Architecture gives sense of space
By NICOLE HADDAD
News Writer
Through the concepts of space and peace, the architecture of Saint Mary's and Notre Dame give each campus its own distinct sense of community and place, said Dennis Doordan, an architectural historian and professor at Notre Dame.
He discussed architecture's role in how people identify with past experiences.
"[It is a] rich wonderful concept that can be explored in many ways," he said.
Doordan defined experience as "doing something together" — whether it be living and dining together or relaxing and playing. "Experience shapes and is shaped by the place in which it occurs," he said. "The place plays a critical role in finding identity."
"If community is experience, then experience unfolds somewhere in some setting," he said. According to Doordan, experience unfolds at a critical point. Place is "a way of dividing space, it is not uniform but highly differentiated."

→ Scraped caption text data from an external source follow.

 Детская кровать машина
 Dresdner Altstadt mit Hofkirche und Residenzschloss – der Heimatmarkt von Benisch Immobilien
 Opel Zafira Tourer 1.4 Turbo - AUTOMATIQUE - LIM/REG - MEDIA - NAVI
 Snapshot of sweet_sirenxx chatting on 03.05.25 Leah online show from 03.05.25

Doordan defined space through various slides of photographs he had taken. For example, at Monument Valley space is defined by solid objects, he said. Whereas at Echo Canyon, "space is something around a perimeter that defines edges."
Egyptian and Greek architecture are two forms exhibiting the relationship between man and land — the relationship between the natural state and how humans transform it, he said.

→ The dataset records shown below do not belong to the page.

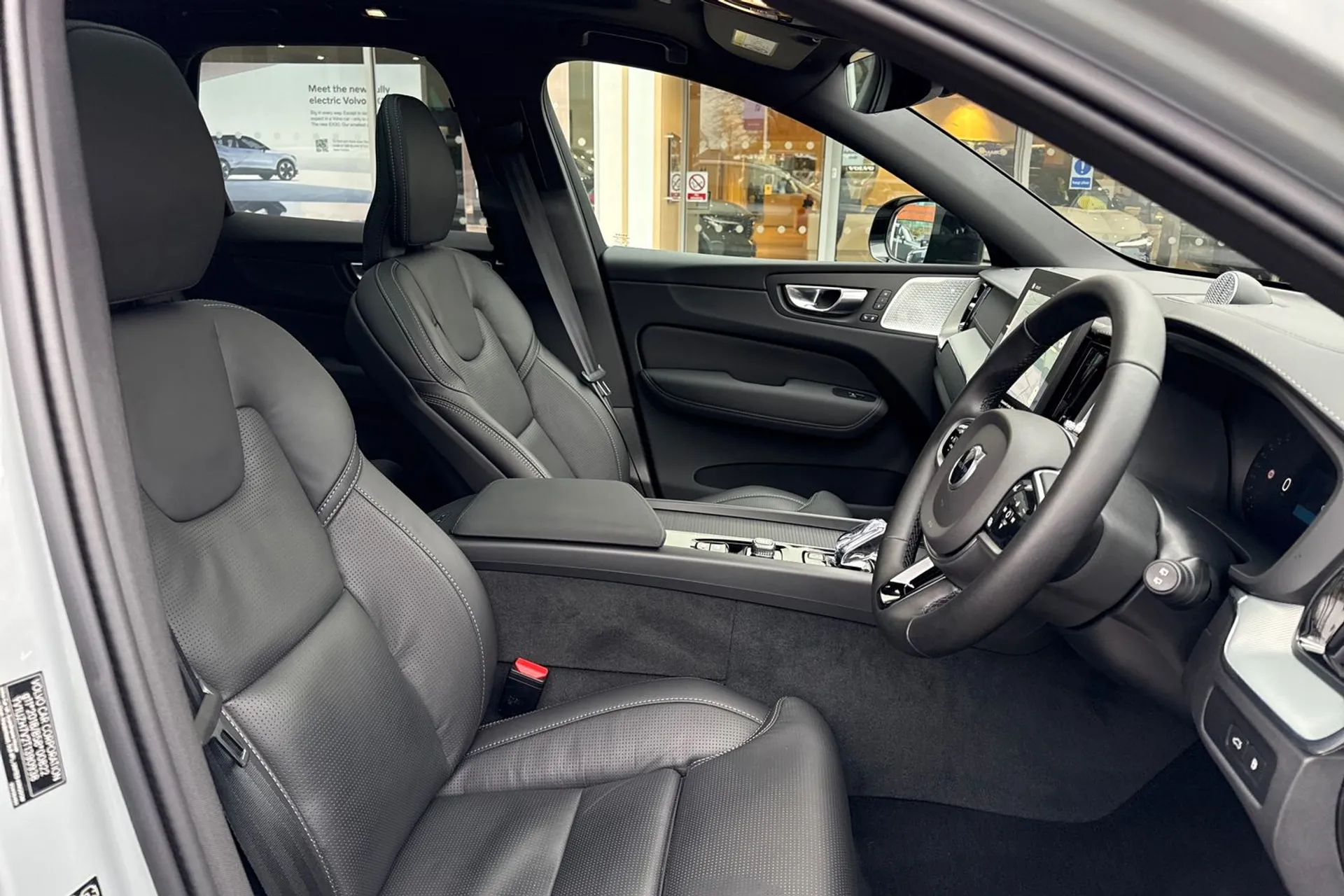 Volvo XC60 thumbnail image number 26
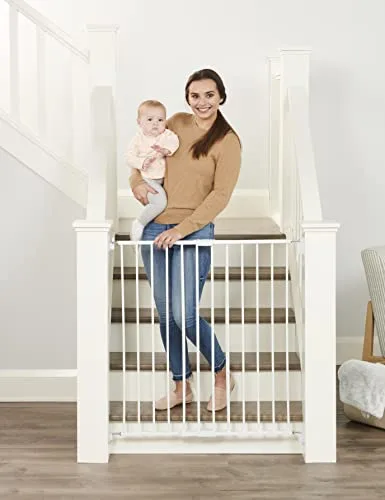 1. Regalo Easy Step Baby Gate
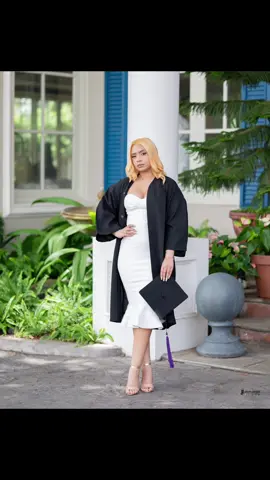 #graduacion2024 #graduation #graduation #utesa #fyp #🇩🇴 #psicologia #ropa #outfit #trend 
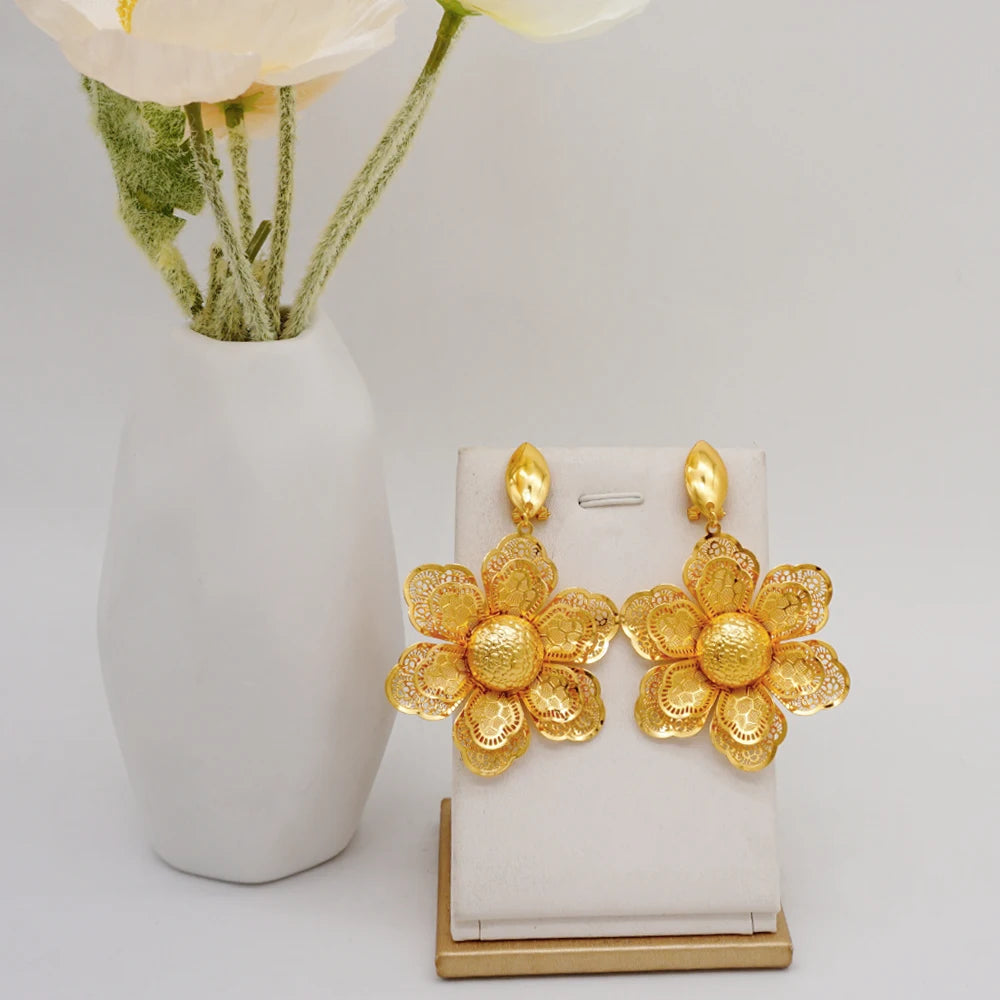 Gold Flower Set = Fashion Accessories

Elements of place include walls or boundaries, a threshold, pathways, nodes and images. While walls define a place as "concrete and bounded," he said a threshold is the beginning of a place where the "journey is finished."
It is not formal but must be identifiable, according to Doordan.
Pathways are places that cultivate habits, he said, and while maps are abstract and about cartography rather than experience.
"Community is experience as diversity within unity," he said.
The concept of place nurtures a sense of identity and supports rituals of community, he said.
The Notre Dame campus is community and it is a "beautiful and meaningful place to take care of," Doordan said.